それではブログ村マラソンランキングに参加していますので、下のマラソンアイコンをワンクリックお願いします。
にほんブログ村 その他スポーツブログ マラソンへ

全てのランナーに裸足ランニングをトレーニングの一部としてでも取り入れてもらい、効率良く怪我をしない走りを身につけてもらいたい。ただそれだけです。

6 Comments

  1. シューズマニア · 2017年3月15日 Reply

    吉野さんは自分の意思で裸足を選んで裸足の方がシューズより優れていると主張されてるんですよね?
    だったらシューズに対してあーだこーだ口出ししないで裸足だけに集中したらどうですか?

    • totonka · 2017年3月15日 Reply

      すみません、通りすがりの読者ですが、コメントのご趣旨が分かりにくいです。裸足が良いと選択することと、シューズのルールを論じることは、直接関わらない気がするのですが。裸足と「シューズを履くこと全般」を論じているなら、君は君、僕は僕でご批判の通りですが、本論はシューズのルールの議論なので、履く人も履かない人も、車椅子の人も、義足の人も論じて良いのではないかと思いますが。

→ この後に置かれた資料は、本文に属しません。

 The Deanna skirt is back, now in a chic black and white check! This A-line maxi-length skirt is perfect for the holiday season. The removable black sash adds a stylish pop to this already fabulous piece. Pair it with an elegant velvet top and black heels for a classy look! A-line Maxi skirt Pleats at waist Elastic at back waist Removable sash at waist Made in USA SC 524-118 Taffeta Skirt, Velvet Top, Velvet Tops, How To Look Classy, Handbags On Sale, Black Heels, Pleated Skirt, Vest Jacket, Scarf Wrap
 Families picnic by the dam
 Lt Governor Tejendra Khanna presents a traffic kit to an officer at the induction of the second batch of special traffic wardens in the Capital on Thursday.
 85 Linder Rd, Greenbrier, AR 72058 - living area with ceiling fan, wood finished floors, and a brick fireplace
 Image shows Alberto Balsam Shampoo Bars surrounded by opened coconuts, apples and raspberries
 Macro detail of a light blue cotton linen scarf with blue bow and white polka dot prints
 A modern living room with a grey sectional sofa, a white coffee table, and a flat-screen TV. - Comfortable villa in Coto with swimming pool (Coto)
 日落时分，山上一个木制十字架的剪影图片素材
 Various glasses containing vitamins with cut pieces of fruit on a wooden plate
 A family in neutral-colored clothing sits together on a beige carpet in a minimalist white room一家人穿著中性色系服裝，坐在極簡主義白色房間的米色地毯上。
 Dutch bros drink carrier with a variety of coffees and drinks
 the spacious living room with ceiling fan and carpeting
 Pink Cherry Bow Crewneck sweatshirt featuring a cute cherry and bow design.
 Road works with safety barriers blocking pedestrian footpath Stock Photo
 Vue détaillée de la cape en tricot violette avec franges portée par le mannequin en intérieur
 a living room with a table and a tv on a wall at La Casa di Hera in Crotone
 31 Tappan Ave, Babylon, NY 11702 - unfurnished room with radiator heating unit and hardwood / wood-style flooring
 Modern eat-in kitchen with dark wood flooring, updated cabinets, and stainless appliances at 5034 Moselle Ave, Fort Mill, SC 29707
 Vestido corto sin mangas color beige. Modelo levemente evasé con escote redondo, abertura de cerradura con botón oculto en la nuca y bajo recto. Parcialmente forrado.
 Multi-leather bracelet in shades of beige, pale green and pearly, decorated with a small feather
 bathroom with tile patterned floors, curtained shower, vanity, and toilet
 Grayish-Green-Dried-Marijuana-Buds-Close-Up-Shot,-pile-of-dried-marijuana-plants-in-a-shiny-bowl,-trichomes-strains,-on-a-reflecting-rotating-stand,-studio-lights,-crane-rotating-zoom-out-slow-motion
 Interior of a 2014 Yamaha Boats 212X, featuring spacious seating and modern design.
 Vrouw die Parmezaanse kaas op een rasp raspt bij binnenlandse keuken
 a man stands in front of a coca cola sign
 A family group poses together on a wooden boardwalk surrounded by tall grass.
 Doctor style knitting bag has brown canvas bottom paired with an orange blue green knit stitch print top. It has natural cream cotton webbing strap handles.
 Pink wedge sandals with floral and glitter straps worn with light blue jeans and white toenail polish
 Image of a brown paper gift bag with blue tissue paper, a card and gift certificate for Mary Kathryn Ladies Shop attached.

    • Yoshi · 2017年3月18日 Reply

      論点がずれていますがw まぁいつもの事ですけどね。

  2. ジュンスカ · 2017年3月19日 Reply

    そのナイキのシューズがどんなものかもわからないのだから、そんなに熱くならんでも。
    反発性、安定性、クッション性を高いレベルで実現させてるものなんだろうとは思いますが。それも、フォアフットランナーに特化した構造ではなかろうかと想像します。
    僕のようなヒールストライカーには、無用の長物かもしれない。
    ところで、反発性のある靴といっても、靴自体が反発するわけではありません。あくまでも、反発するのは人間の足です。その力を有効に地面に伝えるのが反発性のある靴と言われるのです。
    だから、この場合も、不正とは言えないと思います。

    • Yoshi · 2017年3月31日 Reply

      ジュンスカさん
      是非詳細を見てみてください。反発するのは人間ですが、その反発が通常のシューズよりも大きくなっているの可能性が高いのが問題なので。いずれにしても、これが不正でないといえるか言えないかはそんな単純な問題ではないですけどね。 そもそも不正の可能性が高いので問題視されているんですよ。ただ、どの段階で不正とするかは陸連が決めれること。なので自分たちはそれを見守るだけですけどね。